My Puppy Dog and Working Class Guilt in Cuba

Janis Hernández

HAVANA TIMES — Though it is true that the practice of domesticating animals is a social phenomenon that dates back to antiquity and that the breeding of animals as pets (or training these for social or entertainment purposes) has always existed in Cuba, it is also true that such practices have become a means to a profit only recently.

Some have turned the sale and subsequent care of pets into the business of the moment in Cuba. Private businesses that sell purebred animals have sprung up around the country. This may explain the extremely high price of these animals, in a country where the majority of the population earns less than a dollar a day on average.

I imagine that those who own these businesses know that the lives of Cubans are truly contradictory and that some are Third Worlders hoping to appear bourgeois, people who like owning costly pets, as only rich people in other parts of the world can afford.

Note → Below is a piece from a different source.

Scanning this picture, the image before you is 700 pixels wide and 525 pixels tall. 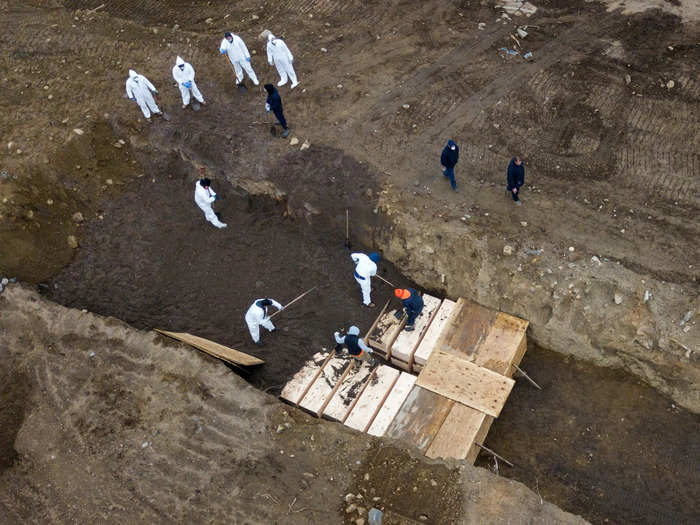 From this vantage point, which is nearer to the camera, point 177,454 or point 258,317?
point 177,454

Since social differences have already become quite evident in Cuba (though some insist they haven’t), the pet you buy will speak to your income. What’s sad about this is that we come across people who, instead of wanting to raise the animal out of affection, merely use these pets to feed their vanity.

I am one of those people who likes dogs out of the tenderness these domestic animals awaken in people. I don’t care if they’re purebred dogs or mongrels. Twenty days ago, I saw the beautiful little face of a Cocker Spaniel pup (who seemed to be asking that I take him away with me) and it was love at first sight.

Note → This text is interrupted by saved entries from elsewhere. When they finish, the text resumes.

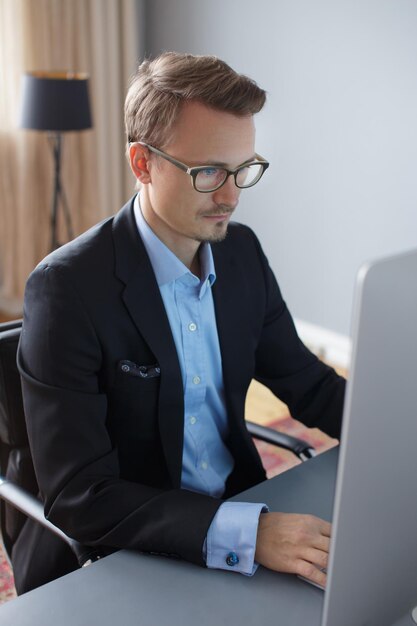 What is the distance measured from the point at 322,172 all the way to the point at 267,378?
225cm

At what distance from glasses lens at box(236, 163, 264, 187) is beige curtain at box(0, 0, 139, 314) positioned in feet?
9.62

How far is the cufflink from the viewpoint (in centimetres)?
118

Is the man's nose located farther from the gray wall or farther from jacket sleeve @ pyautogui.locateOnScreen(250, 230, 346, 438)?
the gray wall

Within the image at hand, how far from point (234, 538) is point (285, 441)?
559 millimetres

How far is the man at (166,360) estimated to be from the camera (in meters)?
1.25

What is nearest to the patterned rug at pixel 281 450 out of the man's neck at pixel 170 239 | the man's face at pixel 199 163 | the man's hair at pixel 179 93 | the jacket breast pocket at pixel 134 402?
the jacket breast pocket at pixel 134 402

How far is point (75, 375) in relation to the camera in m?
1.37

A kid sold it to me on the street for 30 CUC (US $ 34). I felt guilty thinking that I was willing to pay that price for the pup while many people don’t have enough to eat, but I managed to overcome these proletarian pangs of conscience. I had the money and I decided to pay for the company of the cute little puppy, even though it was quite expensive.

I named him Mozart. Once at home, I began looking for some things, like a brush, a tray for food and water and a cushion to sleep on. I made him a collar, so I could take him out to pee.

The problems started days later, when I took him to the nearest veterinary clinic to get rid of his intestinal parasites and start him on a vaccine cycle. I found that the place was in a rather precarious condition and had next to nothing of what my pup needed.

I called the international veterinary clinic to ask about the vaccines (the pentavalent and canine distemper vaccines). They told me that they hadn’t been carrying those for some time now. They gave me the address of another clinic, where they could have the distemper vaccine in Cuban pesos.

I was lucky and was able to get my dog the two injections for canine distemper for 28.75 Cuban pesos each (there weren’t many left). There, they gave me the phone of a private vet who had the other vaccines.

When I called him, he told me he charged 20 Cuban pesos for a consultation and 15 CUC for the pantavalent vaccine. The list of prices for other services (such as nail trimming, for instance) was alarming.

Then, I headed over to the pet shop downtown in search of a bowl. The clerk told me, unfazed: “We don’t have any right now. They’re coming in next week. The small ones cost 10 CUC (or 250 pesos) and the big ones 15 CUC (or 375 pesos).”

I can understand that the cost of living is high and the self-employed have to pay steep taxes, but I think these prices are a bit much.

Taking care of my little dog isn’t going to be cheap, but I am going to do it nonetheless. I will feel quite guilty when I buy the utensils and groom him, seeing so many people out on the street with poverty stamped on their faces. But that is the way things are here. I have a cute, purebred dog, and some pangs of guilt.